I am interested in purchasing a C40 HP I spied on closeout recently. I hear that Colnago's are great bikes, but last season, I tried a 56cm CT1 and wasn't impressed at all-the bike just felt slow and sluggish. No pop or acceleration, and way too much trail (I had to use a 100mm stem on the test ride-the top tube was way long). I think it may have been a bit big-I heard somewhere that Colnagos need to be fit differently than a traditional bike (smaller). I hear that Colnago's like to be fitted with a longer stem and more setback than a traditional bike, which necessitates the smaller frame size. 

I currently ride a Lemond with 54.5cm TT, 73.25 STA, and 53cm C-C. On that bike, I am set up with a 110 stem and 10cm of drop. I am comfortably positioned-not totally streched out (I could probably go with a 120 if I wanted, but the 110 is fine for all-day comfort). My standover (not that it matters) on that frame is probably 6cm or so-I have long legs/short arms. I also test rode a 54cm Cannondale that fit me well-lots of standover, but the TT length was perfect. My height is 175.5cm, cycling inseam is 85.3cm, arm length is 55.5cm, and torso+arm distance is 114cm. Pedal to saddle distance is 92.3cm.

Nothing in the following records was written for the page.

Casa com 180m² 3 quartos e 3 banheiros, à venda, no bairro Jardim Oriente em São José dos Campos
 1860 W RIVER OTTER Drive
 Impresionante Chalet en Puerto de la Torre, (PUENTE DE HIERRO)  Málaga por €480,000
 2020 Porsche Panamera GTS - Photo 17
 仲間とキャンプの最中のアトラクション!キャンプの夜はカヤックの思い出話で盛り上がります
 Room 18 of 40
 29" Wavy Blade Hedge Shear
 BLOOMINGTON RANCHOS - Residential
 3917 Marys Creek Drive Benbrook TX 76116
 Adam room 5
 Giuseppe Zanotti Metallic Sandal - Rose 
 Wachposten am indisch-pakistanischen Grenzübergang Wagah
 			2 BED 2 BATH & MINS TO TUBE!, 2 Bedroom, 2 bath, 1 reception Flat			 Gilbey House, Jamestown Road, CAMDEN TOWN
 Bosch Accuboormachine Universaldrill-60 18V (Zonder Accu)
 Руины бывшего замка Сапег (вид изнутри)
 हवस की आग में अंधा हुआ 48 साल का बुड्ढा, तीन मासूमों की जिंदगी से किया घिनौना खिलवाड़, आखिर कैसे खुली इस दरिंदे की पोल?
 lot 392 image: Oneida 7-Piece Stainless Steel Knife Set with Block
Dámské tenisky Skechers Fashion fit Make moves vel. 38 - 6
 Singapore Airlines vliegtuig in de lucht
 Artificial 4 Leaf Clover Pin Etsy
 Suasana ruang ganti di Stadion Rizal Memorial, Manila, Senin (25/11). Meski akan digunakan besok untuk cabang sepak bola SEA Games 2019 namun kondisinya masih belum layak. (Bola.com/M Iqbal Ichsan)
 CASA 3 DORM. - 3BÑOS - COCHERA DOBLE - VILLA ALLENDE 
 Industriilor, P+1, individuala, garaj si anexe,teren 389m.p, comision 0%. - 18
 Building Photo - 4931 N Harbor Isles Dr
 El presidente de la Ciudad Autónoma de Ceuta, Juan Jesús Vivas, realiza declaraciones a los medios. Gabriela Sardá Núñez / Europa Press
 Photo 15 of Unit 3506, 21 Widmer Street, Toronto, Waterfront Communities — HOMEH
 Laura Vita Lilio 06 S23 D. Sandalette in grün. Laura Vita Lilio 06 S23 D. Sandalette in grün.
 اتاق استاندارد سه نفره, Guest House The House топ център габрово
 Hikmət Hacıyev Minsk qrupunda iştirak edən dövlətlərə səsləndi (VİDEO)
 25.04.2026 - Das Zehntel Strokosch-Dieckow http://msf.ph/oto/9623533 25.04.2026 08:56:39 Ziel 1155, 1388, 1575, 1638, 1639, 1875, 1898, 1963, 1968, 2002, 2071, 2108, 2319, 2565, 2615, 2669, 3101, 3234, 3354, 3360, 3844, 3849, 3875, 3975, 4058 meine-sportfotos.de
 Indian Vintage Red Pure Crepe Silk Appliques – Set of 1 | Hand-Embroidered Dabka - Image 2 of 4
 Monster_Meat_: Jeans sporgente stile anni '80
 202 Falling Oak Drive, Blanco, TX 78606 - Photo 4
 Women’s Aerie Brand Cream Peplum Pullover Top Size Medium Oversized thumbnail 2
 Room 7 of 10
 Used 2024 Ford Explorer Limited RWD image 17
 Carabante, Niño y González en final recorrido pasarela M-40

I was thinking the 54cm C40 would be just the ticket. It will be of similiar size to my current ride, but a bit more low-slung. I want a fast yet comfortable frame-I ride 400km per week, and race every other weekend. FWIW, I could care less about standover or astchetics (sp?) as long as the frame fits. I probably want to run at least a 110cm stem-it has been my experience that if I have to use a shorter (100mm) stem due to a long top tube, the bike usually feels big and bulky (like that 56cm CT1 did). What do you think?


----------



## ipaul (Feb 16, 2004)

*similar situation*

I'm in a similar situation. I ride a 54 cannondale with a 54.5 TT and a 11 stem(have used a 12 with little difference in feel). I was thinking of going with a 56 since the TT is only .5cm longer and I can still maintain the seat tube angle the cannondale has. If I drop a size to the 55 colnago, the seat angle is now a 74 and that just makes things worse for the way I like to sit and just pushes the effective tt length longer. Do you really feel the 56 is too big?


----------